Work task:
Within the listing that follows, reproduce exactly the lines starting at the line with "Samsung Galaxy A55" and ending at the line with "Find the center", inclusive, and only those. Pictures are dropped.

Record extracts:
------------------------
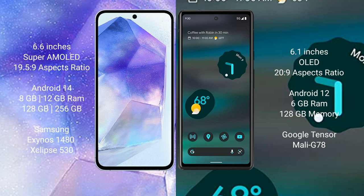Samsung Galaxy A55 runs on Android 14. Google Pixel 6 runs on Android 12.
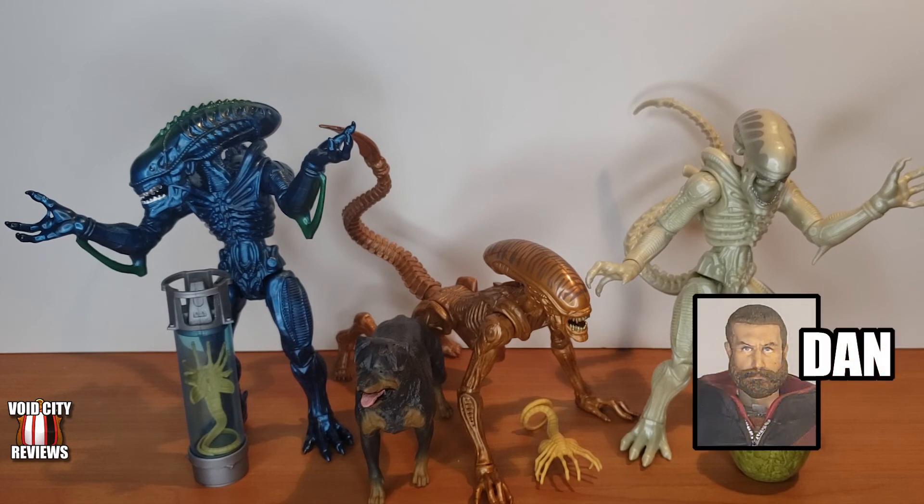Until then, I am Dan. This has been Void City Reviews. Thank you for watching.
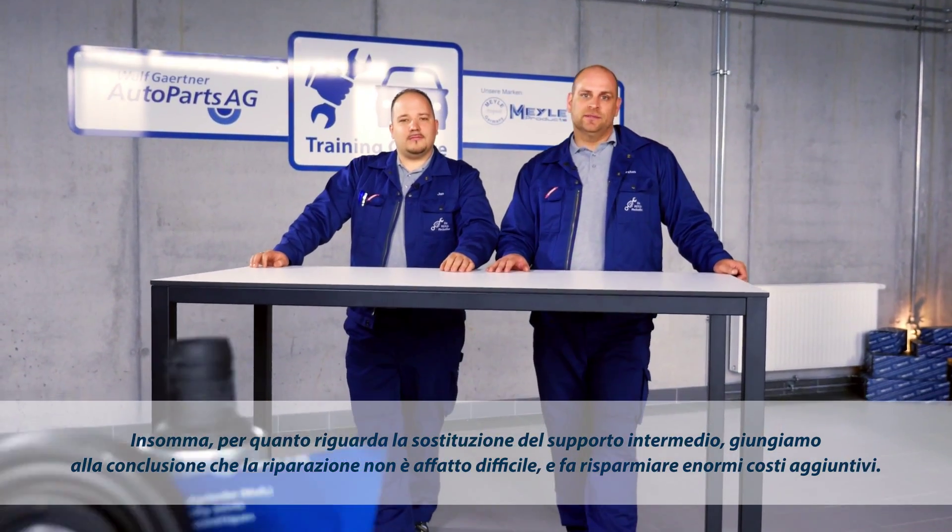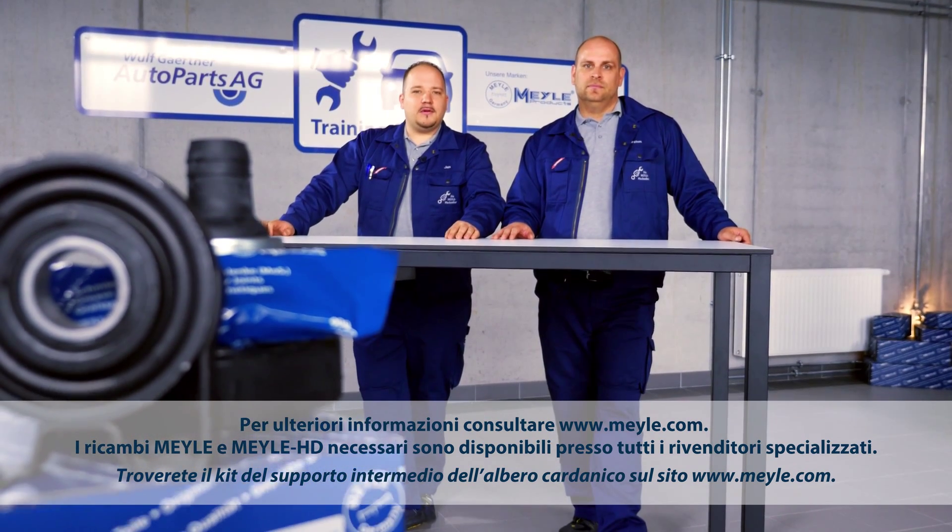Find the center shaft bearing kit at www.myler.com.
------------------------
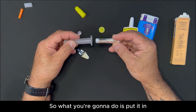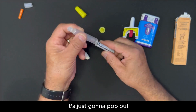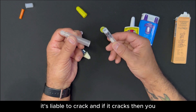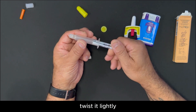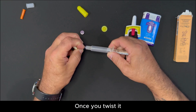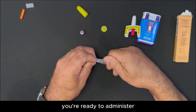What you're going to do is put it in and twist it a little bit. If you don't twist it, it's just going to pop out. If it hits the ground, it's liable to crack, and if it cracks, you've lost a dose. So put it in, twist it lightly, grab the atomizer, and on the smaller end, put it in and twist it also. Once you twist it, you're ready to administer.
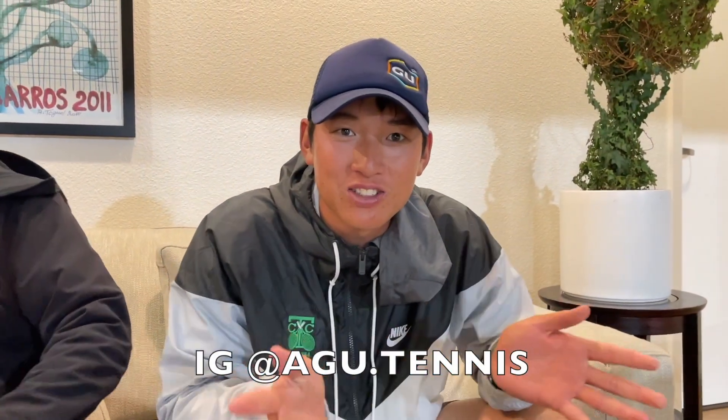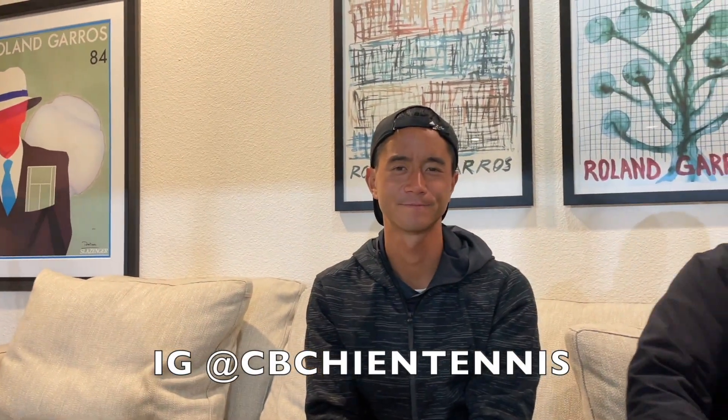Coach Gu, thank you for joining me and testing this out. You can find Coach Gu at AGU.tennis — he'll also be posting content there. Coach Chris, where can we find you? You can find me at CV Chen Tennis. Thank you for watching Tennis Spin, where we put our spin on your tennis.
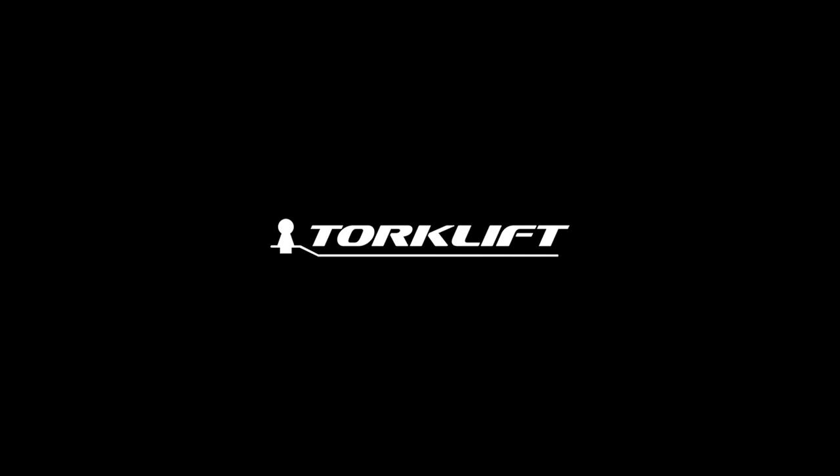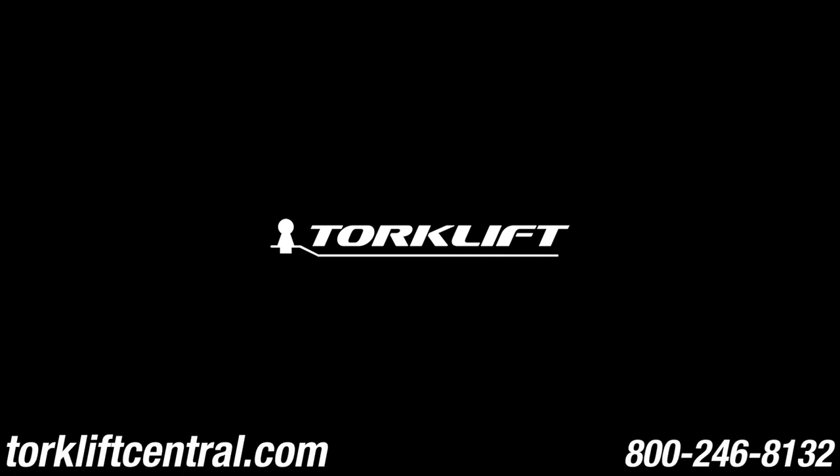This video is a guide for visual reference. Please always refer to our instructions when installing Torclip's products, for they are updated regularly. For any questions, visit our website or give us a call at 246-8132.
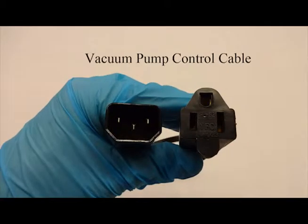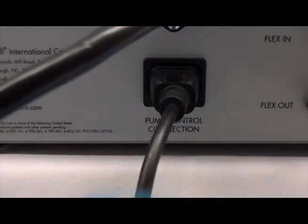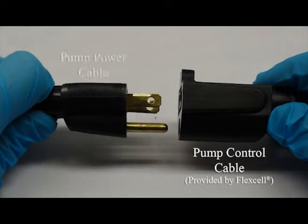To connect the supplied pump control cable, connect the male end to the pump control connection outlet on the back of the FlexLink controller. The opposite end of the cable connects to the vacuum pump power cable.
------------------------
Answer:
Samsung Galaxy A55 runs on Android 14. Google Pixel 6 runs on Android 12.
Until then, I am Dan. This has been Void City Reviews. Thank you for watching.
Find the center shaft bearing kit at www.myler.com.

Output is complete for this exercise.